Tayangan reality show di televisi masih terus berjalan dan menjadi tren di masyarakat. Tak heran jika hampir semua stasiun tv mengangkat konsep yang serupa. Namun melalui program terbaru, TPI mencoba menyuguhkan sesuatu yang berbeda dengan program sejenis lainnya. TPI sebagai stasiun televisi swasta nasional yang selalu memberikan kesempatan bagi masyarakat biasa untuk menjadi bintang di televisi, kembali menelurkan satu program terbaru yakni reality singing contest bertajuk ‘Starbuzz’. Karena bukan singing contest biasa, TPI yakin ‘Starbuzz’ mampu memberikan warna baru bagi tayangan sejenis dan menjadikannya sebagai tontonan ringan yang dapat dinikmati oleh seluruh lapisan masyarakat.
Dalam program ‘Starbuzz’, peserta akan berhadapan langsung dengan 50 orang ‘Juri Buzz’ yang siap menilai penampilan para peserta. Juri juga diperkenankan untuk memBuzz langsung peserta yang penampilannya tidak mereka sukai. Lima puluh orang juri ini berasal dari berbagai latar belakang yang berbeda. Yakni 5 orang pelajar, 5 orang mahasiswa, 10 orang ibu rumah tangga, 5 orang praktisi musik, 5 orang public figure, 5 orang penyiar radio, 10 wakil recording company dan 5 orang pekerja lepas.
Kedatangan 50 orang ‘Juri Buzz’ menambah keistimewaan acara ini, karena banyaknya juri yang berbeda profesi akan memberikan variasi baru terhadap tayangan ini. Apalagi para juri dapat berinteraksi secara langsung dengan para peserta, sehingga membuat tayangan berdurasi 180 menit ini lebih komunikatif dan menarik untuk disaksikan. Sistem penjurian seperti ini akan sangat objektif terhadap kualitas masing-masing pesertanya.
‘Starbuzz’ akan tayang perdana pada tanggal 26 Oktober 2009 dan dapat dinikmati oleh pemirsa setiap Senin dan Selasa pukul 20.00 WIB. Tayangan yang dipandu oleh host kenamaan Indy Barends dan Iweth Ramadhan ini terbilang cukup berbeda bila dibandingkan dengan acara sejenis lainnya, mengingat tidak ada batasan apapun untuk mengikuti ajang ini. Artinya, semua kalangan mulai dari anak kecil, remaja, orang dewasa hingga orang tua dapat menjadi peserta dalam acara ini. Apapun format penampilan seperti solo, duo, trio, kwartet, kwintet, paduan suara, ataupun group band juga diakomodir dalam ajang ini.
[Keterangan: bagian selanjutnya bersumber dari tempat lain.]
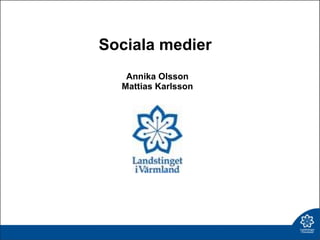 Sociala medier  Annika Olsson Mattias Karlsson 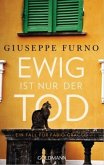 Ewig ist nur der Tod / Fabio Gracco Bd.1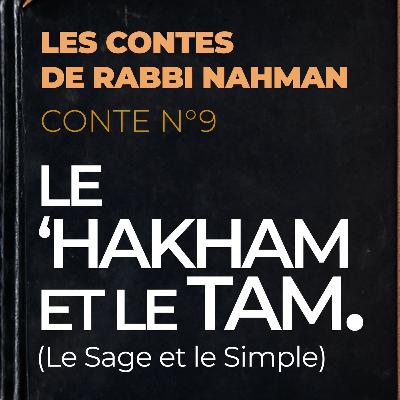 Conte N°9 : Le 'Hakham et le Tam (Le Savant et le Simple)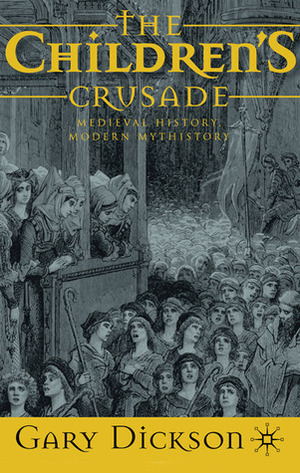 The Children's Crusade: Medieval History, Modern Mythistory by Gary Dickson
Acara ini juga terasa makin berbeda karena para penampil dibebaskan untuk memilih genre musik apa yang ingin mereka bawakan sesuai dengan pilihan masing-masing. Sehingga memungkinkan bagi peserta yang ada pada tiap episode untuk tampil dengan genre musik yang mereka kehendaki. Penampilan para peserta diiringi oleh Homeband yang sudah tidak asing lagi yakni Marcel Aulia Big Band.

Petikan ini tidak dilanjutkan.